Папа отбывал срок где-то в Сибири. Знаю, что мать ездила его навестить, полгода откладывая на билет. Это была неподъемная дистанция. Мы едва сводили концы с концами, и часто, особенно зимой, пропускали ужин, потому что, заглянув в подпол, мама убеждалась, что картошки хватит только до февраля, надо как-то ее экономить.

Картошка! Как я ее ненавидел! Вареная, жаренная на масле или, по праздникам, на гусином жире, печенная в костре, раскрошенная вилкой в супе. Очень редко появлялись курица, гусь или рыба – караси, за которыми мать иногда ходила к затянутому ряской пруду. Мне повезло – при рождении природа отсыпала мне достаточно жизненных сил, чтобы примирить мое тело с нищетой. Брату Пете повезло меньше – он был бледным, рыхлым и вялым, к его бескровной коже не приставал загар, у него случались приступы кашля, и очень часто наш местный фельдшер со вздохом говорил: «Этот не дотянет до весны».

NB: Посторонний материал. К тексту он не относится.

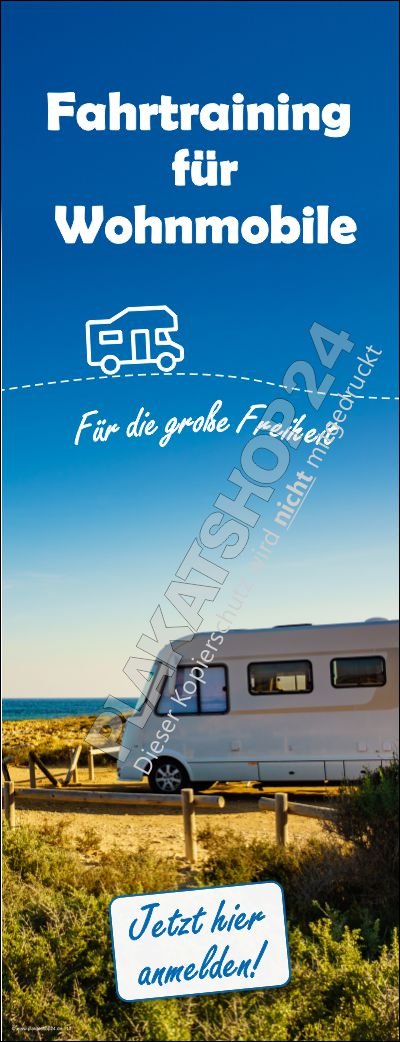 Werbebanner Fahrtraining Wohnmobile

Но брат тянул, и с годами мы привыкли, что это его норма – существовать в междумирии, на грани жизни и смерти. Случались дни, когда от слабости он не мог подняться с кровати, и тогда мать становилась особенно нервной и злой – могла дать мне оплеуху вместо ответа на какой-нибудь невинный вопрос или даже вытолкать меня из натопленной горницы в ледяные сени, как будто бы я был лишним в этом царстве скорби. Мне не было обидно – я воспринимал маму как непредсказуемого грозного идола, с которым можно было ужиться, если не пускать его в сердце, а просто принять к сведению его законы. С братом она была нежнее – всё время боялась, что он доживает последнее. Это была нежность с дрожью к будущему мертвецу.

Я брата жалел, возможно, это была любовь. Та любовь, на которую я был способен. Любить ведь тоже учиться нужно, я же никогда не видел ее проявлений. Материнская нежность – тарелка с дымящейся картошкой, которую поставили передо мною на стол, и вопрос: «Не прохудились ли твои сапоги?» Для брата же я был одновременно объектом зависти и опорой. Ему хотелось быть как я – чтобы можно было, дождавшись редких безоблачных дней, уехать на стареньком велосипеде вдаль, крутить педали с таким веселым отчаянием, как будто бы у тебя существует пункт назначения, а не просто смутное желание сбежать. Общаться с немногочисленными соседскими мальчишками – обычная пацанская дружба: шалаши, сигареты, игральные карты с порнографическими картинками. Скупое общение, да и то оно обрывалось в ноябре, когда дожди становились бесконечными, как будто бы над нами прохудились небеса. Двадцать четыре часа в сутки небо извергало влагу – ливень, потом и снег. Какие у нас были метели! Воздух казался белым, ничего дальше метра не видать. И дружба обрывалась – вот так запросто добраться в соседнюю деревню было невозможно.